After Atsuko Fukushima’s wordless intro sequence, we start off with Kawamori’s retro-futuristic Shanghai Dragon, wherein a young boy essentially finds Harold’s purple crayon, and is swiftly tasked with defending reality from robot invaders. The segment is playful and action-packed, contrasting the vivid yet familiar imagery of Kawamori’s scifi classics with the unbound invention of the protagonist, and in the process celebrating a richly detailed vision of Shanghai. From the character acting to the dynamic, Attack on Titan-presaging chase sequences to the sheer playfulness of the whole affair, there is a ton to love in this one.
The film then slows things down with Deathtic 4, a Nightmare Before Christmas-adjacent ramble through an ornate, deliciously grotesque zombie-populated city. This one is all about the texture of this intricately detailed gothic landscape, which is little surprise; director Shinji Kimura is one of the greatest background artists of animation history, with his credits running from Angel’s Egg to Tekkonkinkreet to My Neighbor Totoro. The story attending these visuals is thin and irritatingly scatological, but it’s a treat simply to spend time in one of Kimura’s lushly illustrated worlds.
Next up is Doorbell, a tale of youth in disjoint directed by mangaka Yoji Fukuyama. The sequence is sparse yet atmospheric, using the device of a young man who seems to have been replaced by some kind of doppelganger to explore the general feeling of dislocation and identity-reassessment intrinsic to adolescence. In spite of its simplified aesthetic, I found myself quite taken by Doorbell’s inviting world and relatable protagonist; one particular sequence near the end seemed to embody the sense of wistful longing that Makoto Shinkai always seeks, contained entirely in a soft breeze wafting through leaves beneath the stars.
We then reach the film’s one absolute dud, Limit Cycle, which basically just involves a sub-Tyler Durden prognosticator waxing juvenilia about life and god and whatnot while the screen assaults you with a variety of flashing neon colors. It’s essentially the Ludovico technique applied to pseudo-philosophy, and framed in that light, it has indeed convinced me to never again sit and listen to a stoned midwit articulate his shower thoughts.

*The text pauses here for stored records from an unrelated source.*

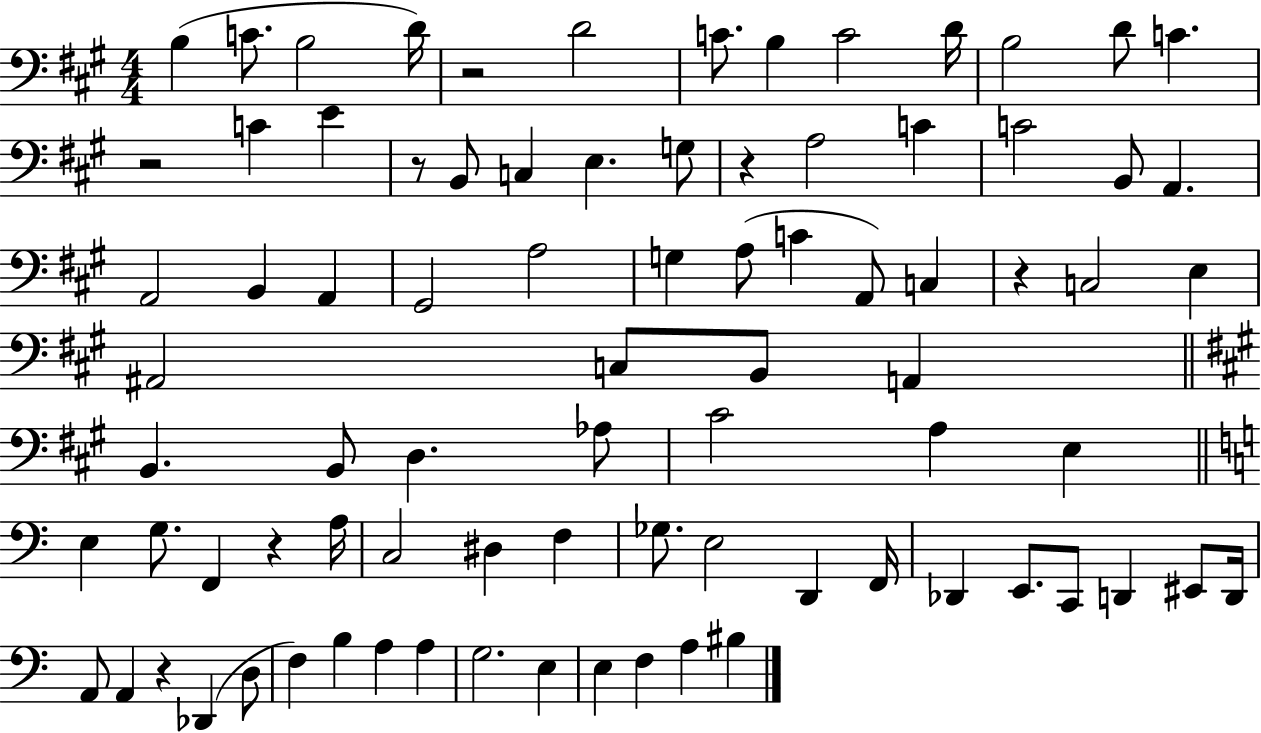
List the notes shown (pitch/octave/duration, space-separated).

B3/q C4/e. B3/h D4/s R/h D4/h C4/e. B3/q C4/h D4/s B3/h D4/e C4/q. R/h C4/q E4/q R/e B2/e C3/q E3/q. G3/e R/q A3/h C4/q C4/h B2/e A2/q. A2/h B2/q A2/q G#2/h A3/h G3/q A3/e C4/q A2/e C3/q R/q C3/h E3/q A#2/h C3/e B2/e A2/q B2/q. B2/e D3/q. Ab3/e C#4/h A3/q E3/q E3/q G3/e. F2/q R/q A3/s C3/h D#3/q F3/q Gb3/e. E3/h D2/q F2/s Db2/q E2/e. C2/e D2/q EIS2/e D2/s A2/e A2/q R/q Db2/q D3/e F3/q B3/q A3/q A3/q G3/h. E3/q E3/q F3/q A3/q BIS3/q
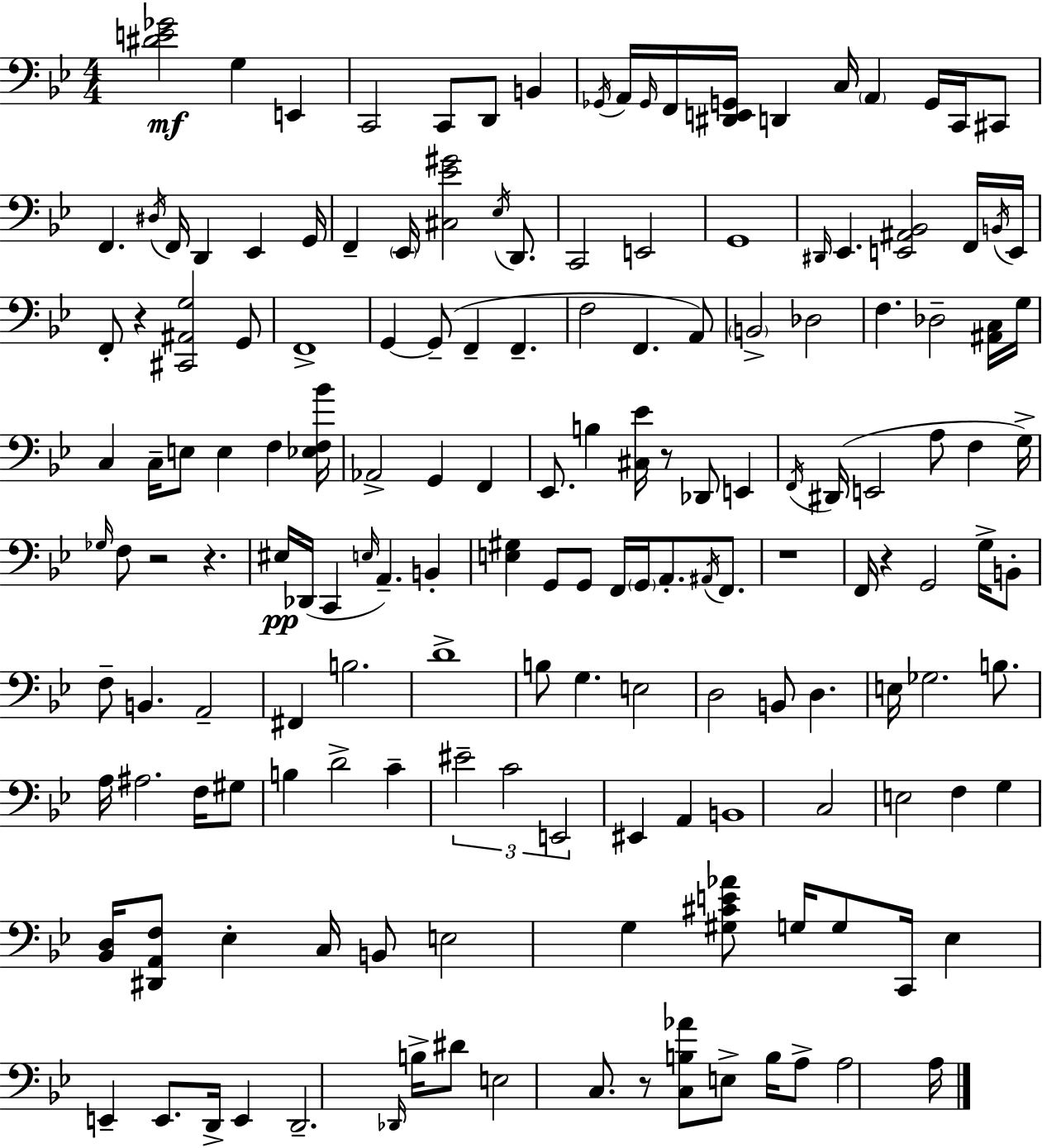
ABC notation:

X:1
T:Untitled
M:4/4
L:1/4
K:Bb
[^DE_G]2 G, E,, C,,2 C,,/2 D,,/2 B,, _G,,/4 A,,/4 _G,,/4 F,,/4 [^D,,E,,G,,]/4 D,, C,/4 A,, G,,/4 C,,/4 ^C,,/2 F,, ^D,/4 F,,/4 D,, _E,, G,,/4 F,, _E,,/4 [^C,_E^G]2 _E,/4 D,,/2 C,,2 E,,2 G,,4 ^D,,/4 _E,, [E,,^A,,_B,,]2 F,,/4 B,,/4 E,,/4 F,,/2 z [^C,,^A,,G,]2 G,,/2 F,,4 G,, G,,/2 F,, F,, F,2 F,, A,,/2 B,,2 _D,2 F, _D,2 [^A,,C,]/4 G,/4 C, C,/4 E,/2 E, F, [_E,F,_B]/4 _A,,2 G,, F,, _E,,/2 B, [^C,_E]/4 z/2 _D,,/2 E,, F,,/4 ^D,,/4 E,,2 A,/2 F, G,/4 _G,/4 F,/2 z2 z ^E,/4 _D,,/4 C,, E,/4 A,, B,, [E,^G,] G,,/2 G,,/2 F,,/4 G,,/4 A,,/2 ^A,,/4 F,,/2 z4 F,,/4 z G,,2 G,/4 B,,/2 F,/2 B,, A,,2 ^F,, B,2 D4 B,/2 G, E,2 D,2 B,,/2 D, E,/4 _G,2 B,/2 A,/4 ^A,2 F,/4 ^G,/2 B, D2 C ^E2 C2 E,,2 ^E,, A,, B,,4 C,2 E,2 F, G, [_B,,D,]/4 [^D,,A,,F,]/2 _E, C,/4 B,,/2 E,2 G, [^G,^CE_A]/2 G,/4 G,/2 C,,/4 _E, E,, E,,/2 D,,/4 E,, D,,2 _D,,/4 B,/4 ^D/2 E,2 C,/2 z/2 [C,B,_A]/2 E,/2 B,/4 A,/2 A,2 A,/4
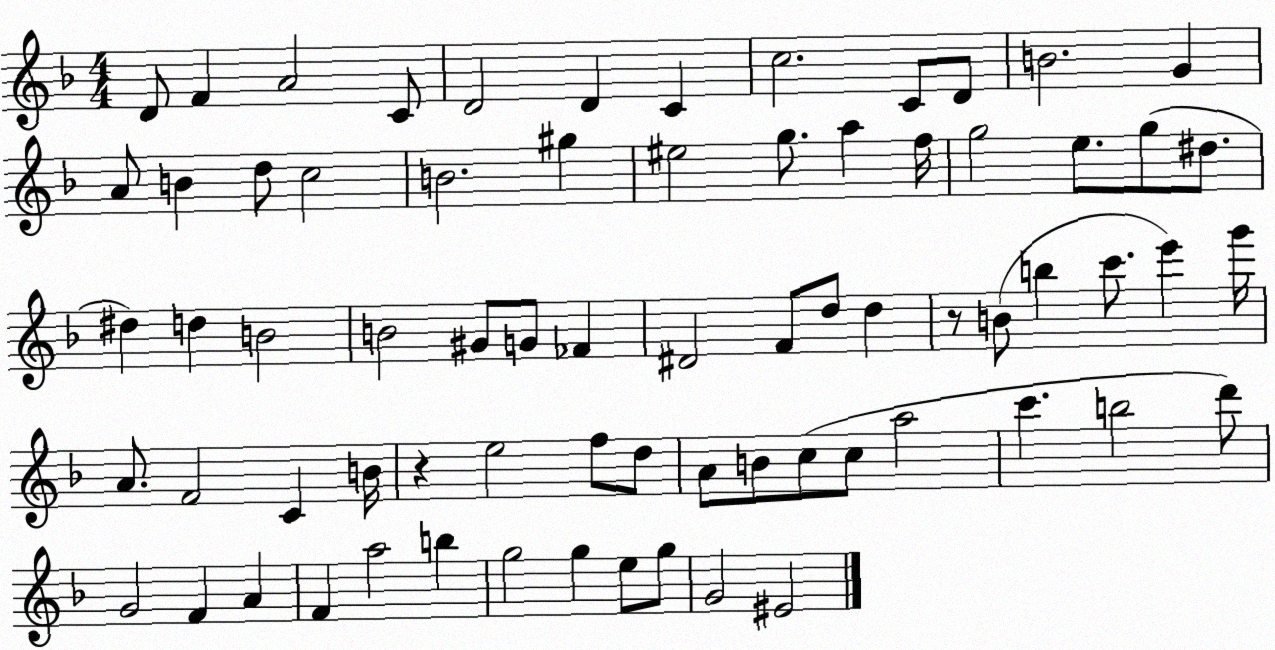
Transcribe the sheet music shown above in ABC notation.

X:1
T:Untitled
M:4/4
L:1/4
K:F
D/2 F A2 C/2 D2 D C c2 C/2 D/2 B2 G A/2 B d/2 c2 B2 ^g ^e2 g/2 a f/4 g2 e/2 g/2 ^d/2 ^d d B2 B2 ^G/2 G/2 _F ^D2 F/2 d/2 d z/2 B/2 b c'/2 e' g'/4 A/2 F2 C B/4 z e2 f/2 d/2 A/2 B/2 c/2 c/2 a2 c' b2 d'/2 G2 F A F a2 b g2 g e/2 g/2 G2 ^E2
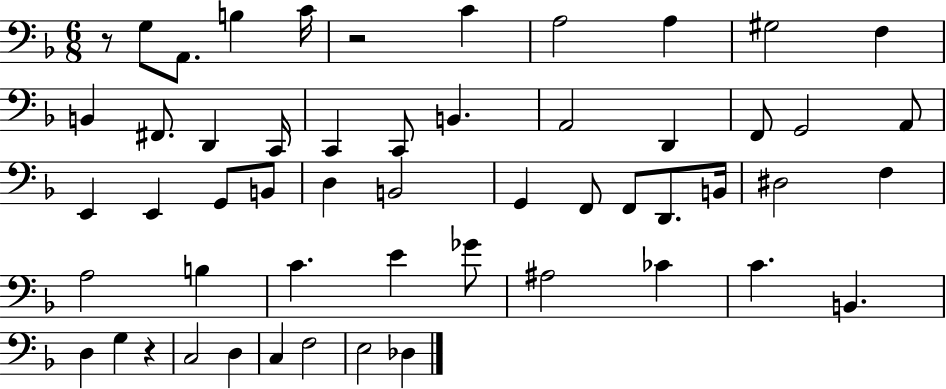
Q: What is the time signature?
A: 6/8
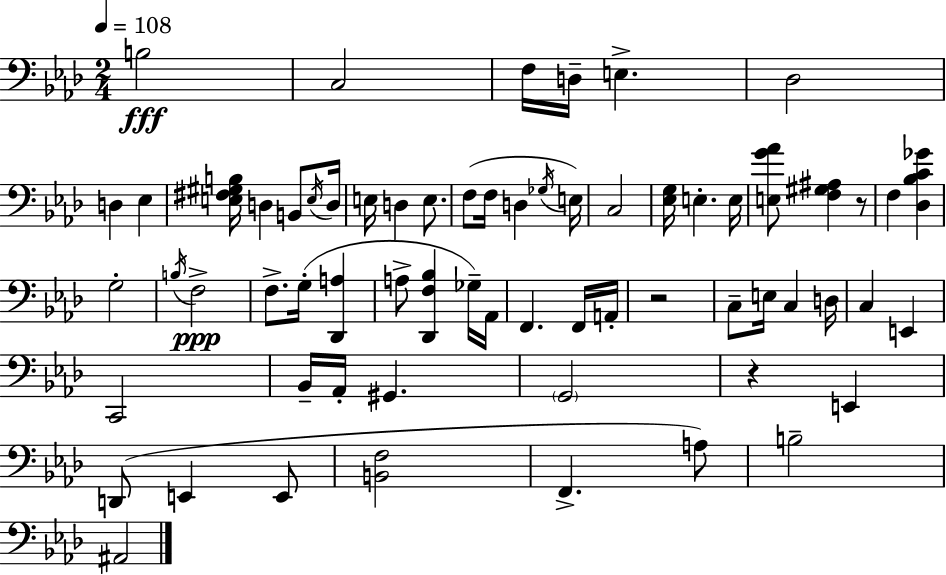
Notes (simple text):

B3/h C3/h F3/s D3/s E3/q. Db3/h D3/q Eb3/q [E3,F#3,G#3,B3]/s D3/q B2/e E3/s D3/s E3/s D3/q E3/e. F3/e F3/s D3/q Gb3/s E3/s C3/h [Eb3,G3]/s E3/q. E3/s [E3,G4,Ab4]/e [F3,G#3,A#3]/q R/e F3/q [Db3,Bb3,C4,Gb4]/q G3/h B3/s F3/h F3/e. G3/s [Db2,A3]/q A3/e [Db2,F3,Bb3]/q Gb3/s Ab2/s F2/q. F2/s A2/s R/h C3/e E3/s C3/q D3/s C3/q E2/q C2/h Bb2/s Ab2/s G#2/q. G2/h R/q E2/q D2/e E2/q E2/e [B2,F3]/h F2/q. A3/e B3/h A#2/h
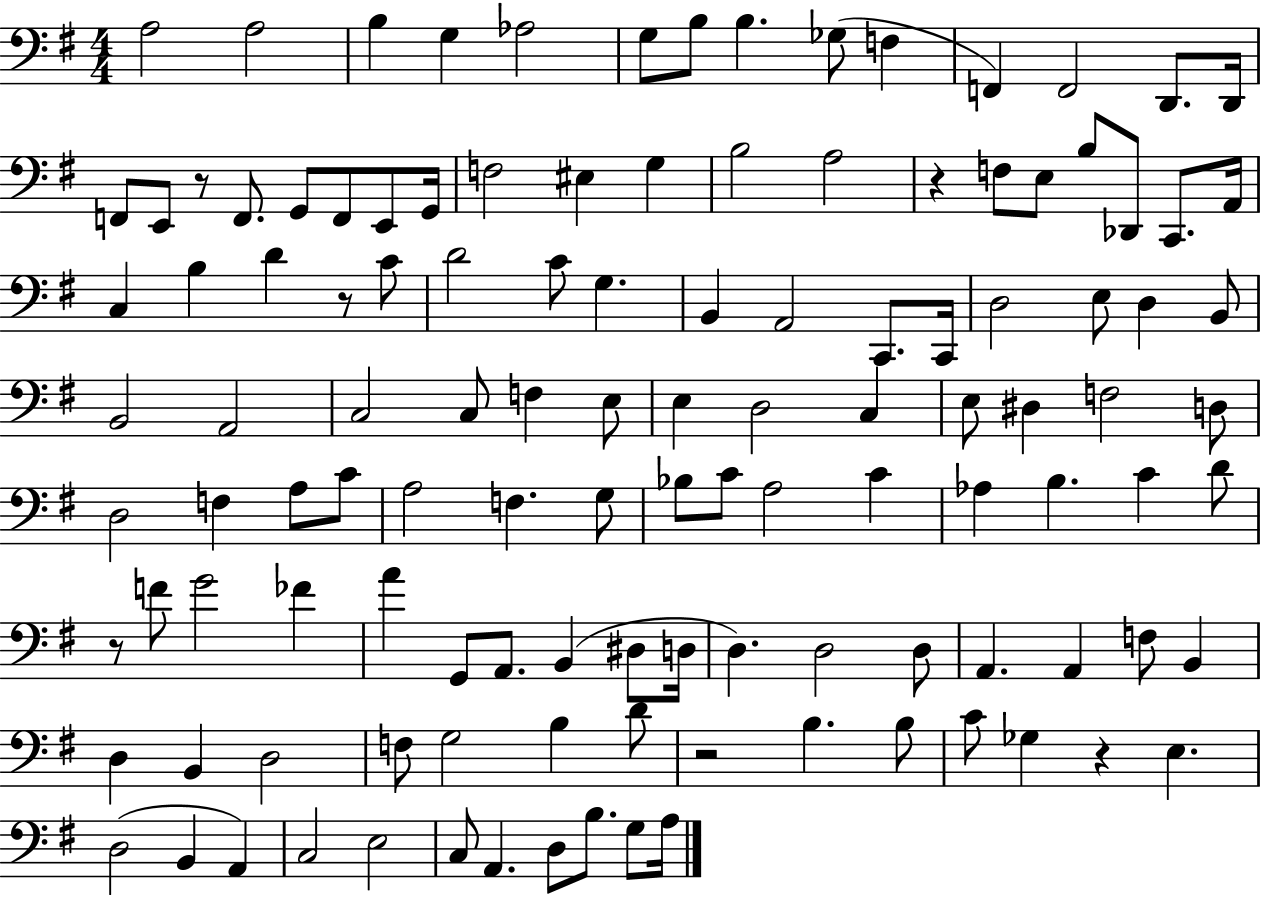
A3/h A3/h B3/q G3/q Ab3/h G3/e B3/e B3/q. Gb3/e F3/q F2/q F2/h D2/e. D2/s F2/e E2/e R/e F2/e. G2/e F2/e E2/e G2/s F3/h EIS3/q G3/q B3/h A3/h R/q F3/e E3/e B3/e Db2/e C2/e. A2/s C3/q B3/q D4/q R/e C4/e D4/h C4/e G3/q. B2/q A2/h C2/e. C2/s D3/h E3/e D3/q B2/e B2/h A2/h C3/h C3/e F3/q E3/e E3/q D3/h C3/q E3/e D#3/q F3/h D3/e D3/h F3/q A3/e C4/e A3/h F3/q. G3/e Bb3/e C4/e A3/h C4/q Ab3/q B3/q. C4/q D4/e R/e F4/e G4/h FES4/q A4/q G2/e A2/e. B2/q D#3/e D3/s D3/q. D3/h D3/e A2/q. A2/q F3/e B2/q D3/q B2/q D3/h F3/e G3/h B3/q D4/e R/h B3/q. B3/e C4/e Gb3/q R/q E3/q. D3/h B2/q A2/q C3/h E3/h C3/e A2/q. D3/e B3/e. G3/e A3/s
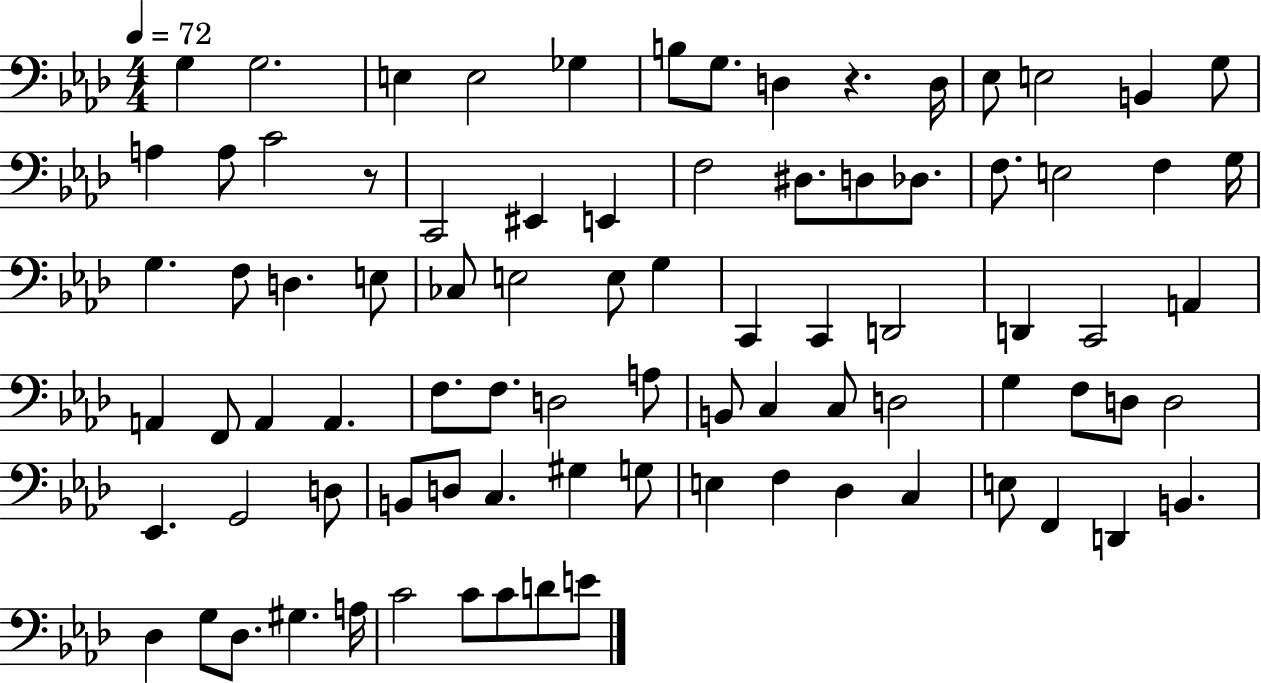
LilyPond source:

{
  \clef bass
  \numericTimeSignature
  \time 4/4
  \key aes \major
  \tempo 4 = 72
  g4 g2. | e4 e2 ges4 | b8 g8. d4 r4. d16 | ees8 e2 b,4 g8 | \break a4 a8 c'2 r8 | c,2 eis,4 e,4 | f2 dis8. d8 des8. | f8. e2 f4 g16 | \break g4. f8 d4. e8 | ces8 e2 e8 g4 | c,4 c,4 d,2 | d,4 c,2 a,4 | \break a,4 f,8 a,4 a,4. | f8. f8. d2 a8 | b,8 c4 c8 d2 | g4 f8 d8 d2 | \break ees,4. g,2 d8 | b,8 d8 c4. gis4 g8 | e4 f4 des4 c4 | e8 f,4 d,4 b,4. | \break des4 g8 des8. gis4. a16 | c'2 c'8 c'8 d'8 e'8 | \bar "|."
}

Fortunately, the film rallies magnificently with its last two segments, directed by Yuasa and Watanabe in turn. Yuasa’s Happy Machine neatly embodies his various interests, largely concerning a toddler whose “happy machine” nursery breaks down, forcing him to find meaning and sustenance in the outside world. The result feels much like an early Kaiba episode, combining wildly playful animation with a sobering philosophical question, and through doing so calling into question the ultimate value and meaning of our lives. That’s Yuasa for you!
We then conclude on Watanabe’s Baby Blue, which follows two childhood friends who drifted apart in high school, reuniting for one flourish of rebellion as they skip class and head for the beach. The sequence is poignant and well-observed, a repeated blues standard that rises to anthemic crescendos of adolescent longing, and clearly echoing both the Born to Run-esque hopelessness of Terror in Resonance and the understanding of youthful impermanence embodied by Kids on the Slope.
So yeah, opens with Kawamori’s scifi thrills, closes with Yuasa and Watanabe’s personal reflections, and decks out its interior with compelling artifacts by Kimura and Fukuyama. All of that makes for a truly outstanding animation anthology, likely only rivaled by the unimpeachable Memories.